17 Sept.    Steve Reich: Different Trains (1988), with electronic music producer Matthew Herbert
24 Sept.    György Ligeti: Atmospherès (1961), with film maker Sophie Fiennes
1 Oct.        Elliott Carter: String Quartet no.3 (1971), with novelist Mark Haddon
8 Oct.        Pierre Boulez: Le marteau sans maître (1955), with composer Sir Harrison Birtwistle

Thereafter we are promised:

Louis Andriessen: De Staat (1976), with composer Michael van der Aa
Iannis Xenakis: Nomos Alpha (1966), with Marcus du Sautoy (again)
Cornelius Cardew: The Great Learning (1970/72), with pianist John Tilbury
John Cage: 4’33” (1952), with artist Tacita Dean
Edgard Varèse: Poème electronique (1958), with composer Tyondai Braxton
Morton Feldman: Extensions 3 (1952), with composer Howard Skempton.

Further, incomplete details indicate that the jazz pianist Ethan Iverson will introduce something by Milton Babbitt, Kronos’s leader David Harrington will introduce George Crumb’s Black Angels (1970), and that Karlheinz Stockhausen’s Gruppen (1957) and Toru Takemitsu’s score for the film Kwaidan (1964) will also feature.

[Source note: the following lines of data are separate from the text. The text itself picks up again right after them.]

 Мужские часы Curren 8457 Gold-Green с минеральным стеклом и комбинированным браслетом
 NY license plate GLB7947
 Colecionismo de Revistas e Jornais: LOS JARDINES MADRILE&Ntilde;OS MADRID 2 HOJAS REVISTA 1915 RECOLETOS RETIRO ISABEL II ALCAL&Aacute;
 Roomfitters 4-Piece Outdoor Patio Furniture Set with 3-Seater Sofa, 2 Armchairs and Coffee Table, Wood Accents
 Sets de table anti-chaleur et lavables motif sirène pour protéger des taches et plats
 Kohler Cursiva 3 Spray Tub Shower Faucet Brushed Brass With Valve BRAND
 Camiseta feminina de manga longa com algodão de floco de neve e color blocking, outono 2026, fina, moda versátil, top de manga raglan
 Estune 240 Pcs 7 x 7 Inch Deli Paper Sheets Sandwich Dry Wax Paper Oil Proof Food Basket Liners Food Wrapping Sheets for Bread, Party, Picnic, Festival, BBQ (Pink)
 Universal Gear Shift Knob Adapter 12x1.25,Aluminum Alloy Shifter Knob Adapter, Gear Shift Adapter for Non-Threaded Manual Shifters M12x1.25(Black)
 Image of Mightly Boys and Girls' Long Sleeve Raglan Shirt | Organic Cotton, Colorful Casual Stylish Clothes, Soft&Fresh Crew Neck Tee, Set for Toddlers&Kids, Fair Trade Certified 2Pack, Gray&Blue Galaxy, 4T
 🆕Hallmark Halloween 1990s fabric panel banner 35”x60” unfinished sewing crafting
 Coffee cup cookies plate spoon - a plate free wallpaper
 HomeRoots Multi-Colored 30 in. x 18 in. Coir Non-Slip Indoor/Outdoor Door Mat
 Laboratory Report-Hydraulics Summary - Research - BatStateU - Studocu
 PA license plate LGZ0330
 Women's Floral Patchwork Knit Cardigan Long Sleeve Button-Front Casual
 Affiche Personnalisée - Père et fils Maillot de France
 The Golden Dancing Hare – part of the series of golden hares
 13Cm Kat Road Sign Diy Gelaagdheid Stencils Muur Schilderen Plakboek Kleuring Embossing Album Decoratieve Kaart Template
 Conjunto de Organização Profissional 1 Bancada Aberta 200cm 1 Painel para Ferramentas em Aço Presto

It will be interesting to see what the remaining pieces will be.  If Hear and Now is intent on creating a specific canon, how much editorial control has been applied to the repertoire to shape this canonicity?    And how many of the composers and pieces will be as unestablished or ‘non-core’ as in the programme’s habitual focus?  The answer to this last question is particularly key.  If the majority of the ’50’ are of the ‘classic’ status of most of the first ’10’ above, then they will sit awkwardly within the current experimental ethos of this strand, although I can see that they might well have been in the strand had it been running that long ago (there’s a musical-historiographical agenda here).  On the other hand, each ‘1’ may provide an interesting context for the ‘now’ pieces that happen to be in its particular edition of ‘Hear and Now Fifty’.  So there is potential in these juxtapositions; they won’t necessarily be safe.  I’m coming round to the idea.

Hang on a minute.  If each week’s Hear and Now is losing a good proportion of its airtime to these ‘50’, doesn’t that mean that its core mission has been irrevocably diminished?  That is hugely to be regretted.  Why didn’t Radio 3 instead extend its new titling fixation and create a third, contemporary, ‘Classics’ programme that would complement Hear and Now rather than steal from it?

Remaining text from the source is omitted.